There is no cure for MS, whose range of symptoms includes weakness, tremors, tingling, numbness, loss of balance, vision impairment, and even paralysis. But physical therapy can help, and even reverse, some of the later symptoms of the disease with exercises to strengthen muscles, improve balance and coordination, increase mobility, and ease pain. Physical therapists are themselves teachers; after several sessions they might send patients home with a program they can do on their own.
“I’ll usually prod them to ask important questions,” says Banhazl. “I help them diagnose me. They just studied the subject in class, and now have a real person to study.” He will give the students a verbal nudge if he feels they’re missing something. The caliber of the students is an inspiration, he says, calling them “the brightest of the bright. They’re so smart and focused. It’s comforting.”

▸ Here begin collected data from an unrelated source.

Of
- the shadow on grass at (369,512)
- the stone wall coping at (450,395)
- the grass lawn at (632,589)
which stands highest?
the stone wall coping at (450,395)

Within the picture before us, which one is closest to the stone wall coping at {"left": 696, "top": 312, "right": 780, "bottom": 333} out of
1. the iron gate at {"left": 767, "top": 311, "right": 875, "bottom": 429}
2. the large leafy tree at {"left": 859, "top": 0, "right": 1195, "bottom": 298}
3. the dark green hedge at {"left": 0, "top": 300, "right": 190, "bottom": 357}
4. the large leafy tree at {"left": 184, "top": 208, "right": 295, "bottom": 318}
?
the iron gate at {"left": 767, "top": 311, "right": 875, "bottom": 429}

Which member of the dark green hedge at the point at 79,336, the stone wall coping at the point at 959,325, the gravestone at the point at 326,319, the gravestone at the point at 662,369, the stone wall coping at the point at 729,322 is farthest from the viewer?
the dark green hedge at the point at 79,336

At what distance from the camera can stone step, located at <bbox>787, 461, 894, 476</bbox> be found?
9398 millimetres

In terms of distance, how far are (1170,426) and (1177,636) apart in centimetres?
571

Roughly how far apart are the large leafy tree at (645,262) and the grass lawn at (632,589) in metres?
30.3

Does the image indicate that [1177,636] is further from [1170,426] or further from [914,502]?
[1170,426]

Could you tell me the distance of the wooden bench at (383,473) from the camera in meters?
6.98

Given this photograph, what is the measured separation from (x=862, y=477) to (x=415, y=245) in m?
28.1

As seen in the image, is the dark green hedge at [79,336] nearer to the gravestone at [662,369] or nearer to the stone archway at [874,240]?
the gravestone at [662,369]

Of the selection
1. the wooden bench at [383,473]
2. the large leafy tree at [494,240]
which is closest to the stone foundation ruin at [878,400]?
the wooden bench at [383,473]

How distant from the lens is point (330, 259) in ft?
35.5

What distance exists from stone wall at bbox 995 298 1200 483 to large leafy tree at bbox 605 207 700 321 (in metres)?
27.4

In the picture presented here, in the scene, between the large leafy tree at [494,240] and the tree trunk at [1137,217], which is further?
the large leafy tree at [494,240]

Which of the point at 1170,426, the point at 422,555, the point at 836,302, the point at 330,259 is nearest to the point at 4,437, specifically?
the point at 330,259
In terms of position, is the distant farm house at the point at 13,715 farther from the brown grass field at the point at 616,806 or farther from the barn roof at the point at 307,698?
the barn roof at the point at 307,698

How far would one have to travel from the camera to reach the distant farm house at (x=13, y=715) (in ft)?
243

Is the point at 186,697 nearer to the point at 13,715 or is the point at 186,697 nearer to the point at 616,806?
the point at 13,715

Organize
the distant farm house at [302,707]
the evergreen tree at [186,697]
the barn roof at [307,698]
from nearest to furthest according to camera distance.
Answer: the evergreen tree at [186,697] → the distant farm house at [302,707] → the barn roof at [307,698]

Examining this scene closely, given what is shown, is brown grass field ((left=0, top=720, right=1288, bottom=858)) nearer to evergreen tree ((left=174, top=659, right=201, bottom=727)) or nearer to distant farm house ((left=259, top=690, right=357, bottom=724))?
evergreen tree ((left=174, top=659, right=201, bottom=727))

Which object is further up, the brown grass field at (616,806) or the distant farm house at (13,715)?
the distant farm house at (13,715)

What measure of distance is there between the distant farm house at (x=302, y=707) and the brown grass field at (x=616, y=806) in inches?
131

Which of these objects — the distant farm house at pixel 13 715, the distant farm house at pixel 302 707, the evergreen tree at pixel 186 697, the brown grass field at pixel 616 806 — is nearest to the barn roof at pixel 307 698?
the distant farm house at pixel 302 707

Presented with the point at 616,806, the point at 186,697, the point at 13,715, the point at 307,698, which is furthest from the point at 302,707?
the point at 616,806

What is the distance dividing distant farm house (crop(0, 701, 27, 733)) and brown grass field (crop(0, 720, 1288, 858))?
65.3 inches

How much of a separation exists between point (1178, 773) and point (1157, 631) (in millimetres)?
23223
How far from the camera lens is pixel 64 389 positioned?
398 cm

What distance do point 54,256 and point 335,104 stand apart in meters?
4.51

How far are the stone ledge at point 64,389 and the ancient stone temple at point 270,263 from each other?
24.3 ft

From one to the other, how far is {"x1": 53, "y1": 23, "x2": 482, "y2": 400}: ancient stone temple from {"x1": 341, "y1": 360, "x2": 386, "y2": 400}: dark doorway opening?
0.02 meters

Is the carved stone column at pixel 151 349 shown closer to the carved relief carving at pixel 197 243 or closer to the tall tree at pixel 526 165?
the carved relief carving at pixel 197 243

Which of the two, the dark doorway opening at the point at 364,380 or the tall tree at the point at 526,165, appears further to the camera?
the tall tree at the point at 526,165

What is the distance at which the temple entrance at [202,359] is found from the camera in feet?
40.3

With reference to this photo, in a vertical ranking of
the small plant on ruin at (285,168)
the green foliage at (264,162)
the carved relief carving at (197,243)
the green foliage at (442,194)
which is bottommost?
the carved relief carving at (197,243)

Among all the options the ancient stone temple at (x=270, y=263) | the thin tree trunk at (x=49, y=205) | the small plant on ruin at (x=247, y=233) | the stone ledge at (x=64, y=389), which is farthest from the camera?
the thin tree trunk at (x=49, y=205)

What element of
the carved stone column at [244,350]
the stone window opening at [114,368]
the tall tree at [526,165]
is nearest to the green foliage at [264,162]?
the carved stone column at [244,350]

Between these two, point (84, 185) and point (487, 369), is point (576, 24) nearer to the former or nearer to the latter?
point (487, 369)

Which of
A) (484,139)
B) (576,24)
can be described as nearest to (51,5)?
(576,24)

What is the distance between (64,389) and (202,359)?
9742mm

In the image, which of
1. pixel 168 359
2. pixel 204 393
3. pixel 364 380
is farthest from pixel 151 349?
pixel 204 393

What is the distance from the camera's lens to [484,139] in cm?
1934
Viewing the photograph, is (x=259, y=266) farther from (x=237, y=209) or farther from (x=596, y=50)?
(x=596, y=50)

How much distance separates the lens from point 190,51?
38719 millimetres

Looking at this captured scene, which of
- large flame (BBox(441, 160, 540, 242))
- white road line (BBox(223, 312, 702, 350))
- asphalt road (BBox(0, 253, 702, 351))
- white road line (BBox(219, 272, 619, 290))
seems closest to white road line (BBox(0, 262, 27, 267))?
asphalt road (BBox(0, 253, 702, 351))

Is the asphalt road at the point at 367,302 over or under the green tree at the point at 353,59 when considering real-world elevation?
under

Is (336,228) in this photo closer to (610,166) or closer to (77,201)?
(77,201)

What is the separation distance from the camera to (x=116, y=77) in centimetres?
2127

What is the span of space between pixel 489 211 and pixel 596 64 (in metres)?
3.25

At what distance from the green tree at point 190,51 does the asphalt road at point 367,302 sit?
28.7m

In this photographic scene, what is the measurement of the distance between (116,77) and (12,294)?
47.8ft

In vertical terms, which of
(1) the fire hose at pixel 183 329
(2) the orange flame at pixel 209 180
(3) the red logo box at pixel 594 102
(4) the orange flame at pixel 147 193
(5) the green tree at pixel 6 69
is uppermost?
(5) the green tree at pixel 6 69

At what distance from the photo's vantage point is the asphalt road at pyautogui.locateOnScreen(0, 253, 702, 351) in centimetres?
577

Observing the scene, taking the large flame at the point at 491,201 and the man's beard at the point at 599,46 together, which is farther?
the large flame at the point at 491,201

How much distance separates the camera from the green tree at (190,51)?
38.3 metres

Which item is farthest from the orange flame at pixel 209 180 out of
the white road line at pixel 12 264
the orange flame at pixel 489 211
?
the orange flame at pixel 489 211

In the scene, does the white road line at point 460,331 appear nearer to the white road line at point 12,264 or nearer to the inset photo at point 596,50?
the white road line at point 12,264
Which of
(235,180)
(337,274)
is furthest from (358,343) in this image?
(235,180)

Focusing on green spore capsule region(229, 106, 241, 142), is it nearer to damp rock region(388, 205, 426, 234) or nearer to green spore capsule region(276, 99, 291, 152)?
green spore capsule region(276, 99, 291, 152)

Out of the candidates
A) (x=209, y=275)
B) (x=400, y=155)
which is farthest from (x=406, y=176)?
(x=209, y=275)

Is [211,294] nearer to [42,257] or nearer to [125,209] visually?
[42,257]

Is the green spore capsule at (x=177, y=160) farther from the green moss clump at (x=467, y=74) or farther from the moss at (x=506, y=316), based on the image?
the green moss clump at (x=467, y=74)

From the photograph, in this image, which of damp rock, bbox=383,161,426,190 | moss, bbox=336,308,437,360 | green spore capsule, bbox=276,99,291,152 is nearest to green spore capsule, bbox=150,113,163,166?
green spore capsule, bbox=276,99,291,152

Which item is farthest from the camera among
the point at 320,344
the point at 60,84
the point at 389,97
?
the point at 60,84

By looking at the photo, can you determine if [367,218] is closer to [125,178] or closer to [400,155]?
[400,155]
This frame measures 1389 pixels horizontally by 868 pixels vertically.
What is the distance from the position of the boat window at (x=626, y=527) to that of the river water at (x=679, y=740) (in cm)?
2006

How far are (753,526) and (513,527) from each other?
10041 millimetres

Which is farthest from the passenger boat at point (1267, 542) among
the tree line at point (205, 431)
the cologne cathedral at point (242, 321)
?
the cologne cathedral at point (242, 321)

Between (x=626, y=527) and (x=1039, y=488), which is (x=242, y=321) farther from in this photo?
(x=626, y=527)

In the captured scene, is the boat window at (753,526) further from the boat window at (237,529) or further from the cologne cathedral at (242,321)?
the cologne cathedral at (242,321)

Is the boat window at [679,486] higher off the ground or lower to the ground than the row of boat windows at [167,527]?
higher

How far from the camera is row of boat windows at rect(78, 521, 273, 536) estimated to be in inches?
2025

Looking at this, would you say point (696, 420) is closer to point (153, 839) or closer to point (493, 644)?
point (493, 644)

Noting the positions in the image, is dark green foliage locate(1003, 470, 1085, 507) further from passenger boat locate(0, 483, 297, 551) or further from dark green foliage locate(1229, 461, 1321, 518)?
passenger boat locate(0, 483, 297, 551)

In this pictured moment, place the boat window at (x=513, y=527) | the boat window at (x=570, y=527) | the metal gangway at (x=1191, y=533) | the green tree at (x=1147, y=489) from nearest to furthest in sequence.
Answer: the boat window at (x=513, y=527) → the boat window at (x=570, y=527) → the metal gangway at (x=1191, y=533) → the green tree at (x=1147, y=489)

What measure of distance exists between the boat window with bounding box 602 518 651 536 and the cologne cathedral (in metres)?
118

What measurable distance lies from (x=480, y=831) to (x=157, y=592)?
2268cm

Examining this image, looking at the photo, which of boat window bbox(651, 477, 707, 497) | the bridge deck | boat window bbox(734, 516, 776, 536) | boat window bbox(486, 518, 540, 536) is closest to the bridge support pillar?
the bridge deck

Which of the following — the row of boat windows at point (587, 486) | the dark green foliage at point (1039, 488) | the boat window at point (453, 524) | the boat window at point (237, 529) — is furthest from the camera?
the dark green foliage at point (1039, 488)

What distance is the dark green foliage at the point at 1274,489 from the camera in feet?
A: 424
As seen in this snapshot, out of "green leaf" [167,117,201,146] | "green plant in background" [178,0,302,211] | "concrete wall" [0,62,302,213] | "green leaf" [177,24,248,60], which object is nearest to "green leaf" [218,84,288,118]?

“Something I really like about him is he is completely honest,” says Sara Grandall (SAR’12), another class member. “He makes us brainstorm and also gives us a sense of what he’s really willing to do in therapy.” (Banhazl admits that his stationary bike has become the proverbial coatrack.) Duncalf describes him as “super-helpful—he knows when to answer questions and when to hold back, and he is willing to have students practice on him over and over again. He seems completely comfortable.”
After the students finish interviewing Banhazl, they line up to observe him as he walks, runway-style and without his cane, halfway across the gymnasium-sized room. His weaker arm bent at the elbow, fist against his chest, Banhazl is wobbly, but advances briskly. This gait analysis lets the budding physical therapists assess whether he is at risk of falling, and which problem areas are impeding his balance. After the walk, Banhazl sits at the edge of an examining table for the stretching, prodding, and general manhandling that tests his flexibility, strength, and range of motion, all of which have been affected by MS in varying degrees. The proceedings also test his good nature, which is unwavering. When it’s over, two students bend down to gently help Banhazl into his socks and shoes.
“Physical therapists beat the crap out of people with MS,” says Banhazl, who willingly submits to all manner of prodding, including students bending his legs as if he were a rag doll to test his mobility. “That’s their job,” he says. “They can’t fix it, so they look for ways to make your life better by making your body stronger and looser.”
“I think Peter is really inspiring,” says Duncalf. “There are two ways you can go with an MS diagnosis. You can sit and feel sorry for yourself, or you can do whatever you can to help yourself.”
One way Banhazl is helping himself, the students say, is by giving back. “It gives him a little more purpose,” Duncalf says.